Reproduce each line from the first in the data through the line that contains "CHEVROLET S10 2022" exactly; give nothing else.
** Opening DATA SHOWN block **
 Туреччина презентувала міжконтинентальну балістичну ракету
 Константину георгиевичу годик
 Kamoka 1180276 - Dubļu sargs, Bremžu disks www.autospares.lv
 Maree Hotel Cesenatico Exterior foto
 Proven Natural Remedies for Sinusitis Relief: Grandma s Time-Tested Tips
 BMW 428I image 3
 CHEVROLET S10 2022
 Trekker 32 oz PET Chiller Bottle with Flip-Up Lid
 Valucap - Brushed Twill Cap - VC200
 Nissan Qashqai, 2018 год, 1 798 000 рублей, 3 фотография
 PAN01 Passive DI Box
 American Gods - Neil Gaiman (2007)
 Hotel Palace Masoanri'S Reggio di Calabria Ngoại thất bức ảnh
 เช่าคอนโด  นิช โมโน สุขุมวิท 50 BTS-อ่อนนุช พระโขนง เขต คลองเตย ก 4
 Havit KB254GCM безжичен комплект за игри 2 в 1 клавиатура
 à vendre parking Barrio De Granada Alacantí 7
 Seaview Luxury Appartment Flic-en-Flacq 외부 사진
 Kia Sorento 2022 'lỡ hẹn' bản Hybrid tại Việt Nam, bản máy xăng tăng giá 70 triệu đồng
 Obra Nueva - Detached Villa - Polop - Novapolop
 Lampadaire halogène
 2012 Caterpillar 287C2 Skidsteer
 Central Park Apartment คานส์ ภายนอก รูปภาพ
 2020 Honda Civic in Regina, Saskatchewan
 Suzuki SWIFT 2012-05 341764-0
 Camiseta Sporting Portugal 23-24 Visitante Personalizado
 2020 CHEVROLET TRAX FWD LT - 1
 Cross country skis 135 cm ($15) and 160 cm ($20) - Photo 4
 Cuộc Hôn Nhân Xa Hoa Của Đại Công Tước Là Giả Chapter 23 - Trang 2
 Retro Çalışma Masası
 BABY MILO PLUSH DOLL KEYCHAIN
** Closing DATA SHOWN block **
TASK SOLUTION:
 Туреччина презентувала міжконтинентальну балістичну ракету
 Константину георгиевичу годик
 Kamoka 1180276 - Dubļu sargs, Bremžu disks www.autospares.lv
 Maree Hotel Cesenatico Exterior foto
 Proven Natural Remedies for Sinusitis Relief: Grandma s Time-Tested Tips
 BMW 428I image 3
 CHEVROLET S10 2022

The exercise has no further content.